INSTRUCTIONS TO FOLLOW: The full listing is to be returned exactly as given, but without pictures.

--- INFORMATION SUPPLIED ---

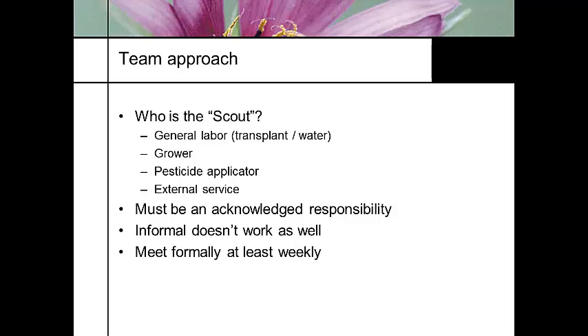Whoever your scout is, they must be formally acknowledged to have that responsibility. An informal assignment doesn't work well — just saying 'oh, by the way, if you see an aphid out there, tell me' is not right. You need to formally say: be looking for aphids, and if you find them, report. And you need to meet formally with your scouts on a regular basis.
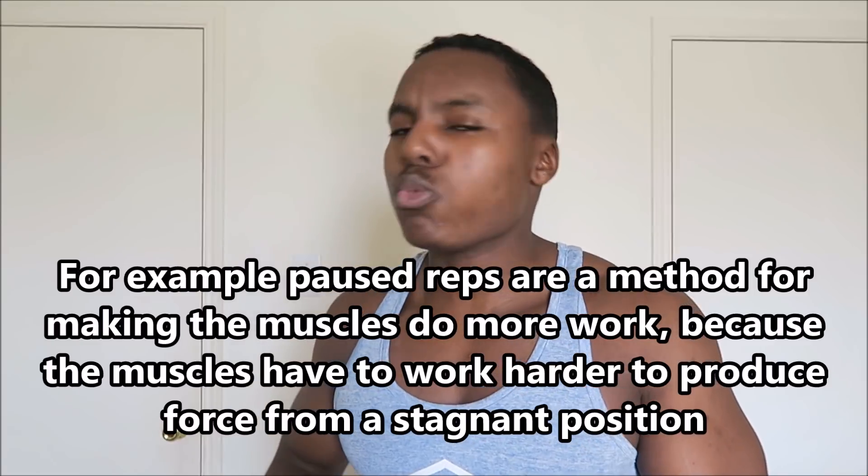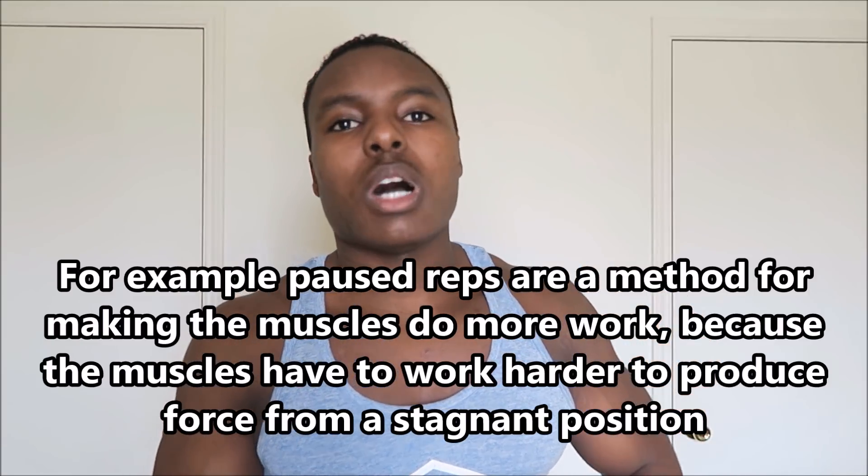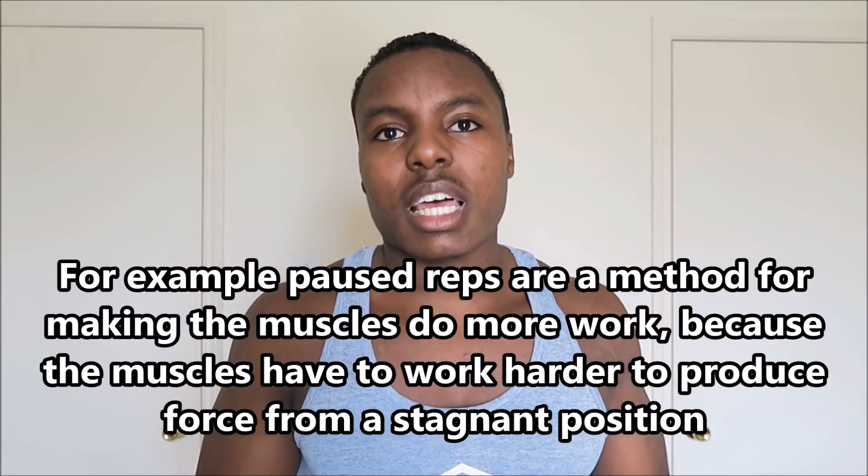Regarding soreness: eccentrics do make you more sore because of more total workload and the stretch on the muscles. But when you exaggerate the eccentric beyond a controlled tempo, a lot of that extra soreness is from your connective tissue — tendons and joints — not just your muscles. You have to think about all the connective tissue involved in movements, not just the muscles themselves.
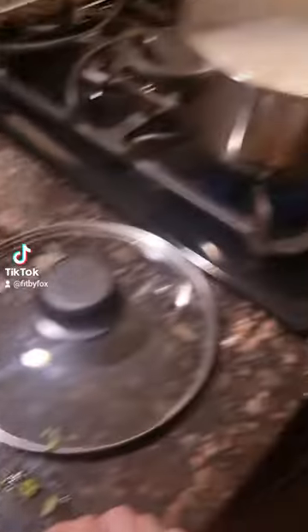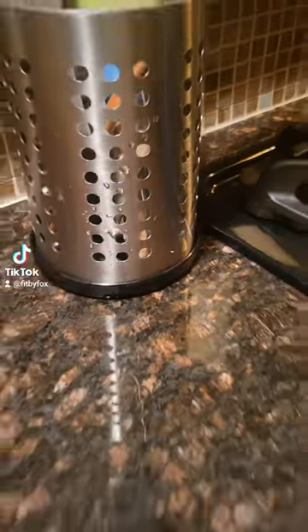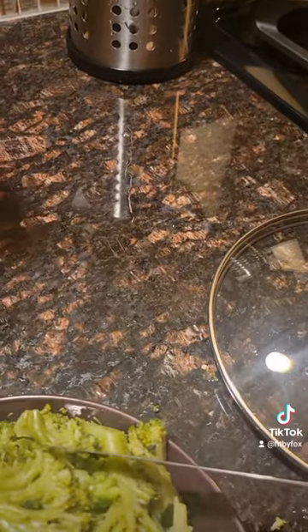So I was chopping up my broccoli because I'm making like this little pasta concoction, and I press down on this. We're going to see if it happens again. You can already see the aftermath. You see that? I press down and I kid you not.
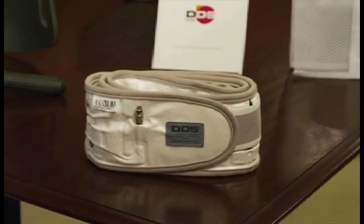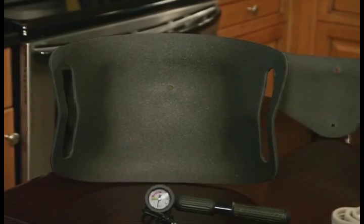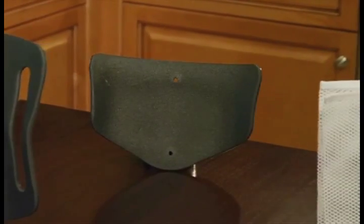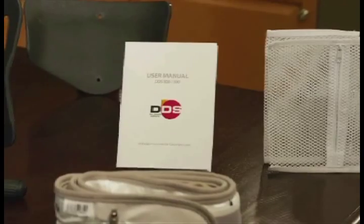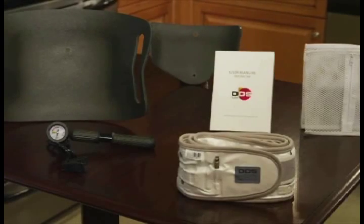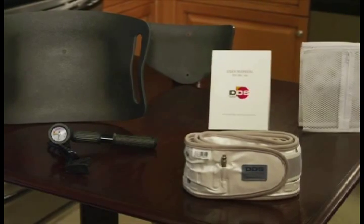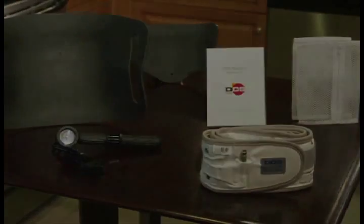In your box, you will find your lightweight DDS Belt, your easy to use hand air pump, a back panel, a front panel, a reusable mesh laundry bag, and your easy to read user manual. To get started, place all items from your box on an easy to reach surface, such as your kitchen table or counter.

---

PROBLEM SOLUTION:
Whoever your scout is, they must be formally acknowledged to have that responsibility. An informal assignment doesn't work well — just saying 'oh, by the way, if you see an aphid out there, tell me' is not right. You need to formally say: be looking for aphids, and if you find them, report. And you need to meet formally with your scouts on a regular basis.
Regarding soreness: eccentrics do make you more sore because of more total workload and the stretch on the muscles. But when you exaggerate the eccentric beyond a controlled tempo, a lot of that extra soreness is from your connective tissue — tendons and joints — not just your muscles. You have to think about all the connective tissue involved in movements, not just the muscles themselves.
So I was chopping up my broccoli because I'm making like this little pasta concoction, and I press down on this. We're going to see if it happens again. You can already see the aftermath. You see that? I press down and I kid you not.
In your box, you will find your lightweight DDS Belt, your easy to use hand air pump, a back panel, a front panel, a reusable mesh laundry bag, and your easy to read user manual. To get started, place all items from your box on an easy to reach surface, such as your kitchen table or counter.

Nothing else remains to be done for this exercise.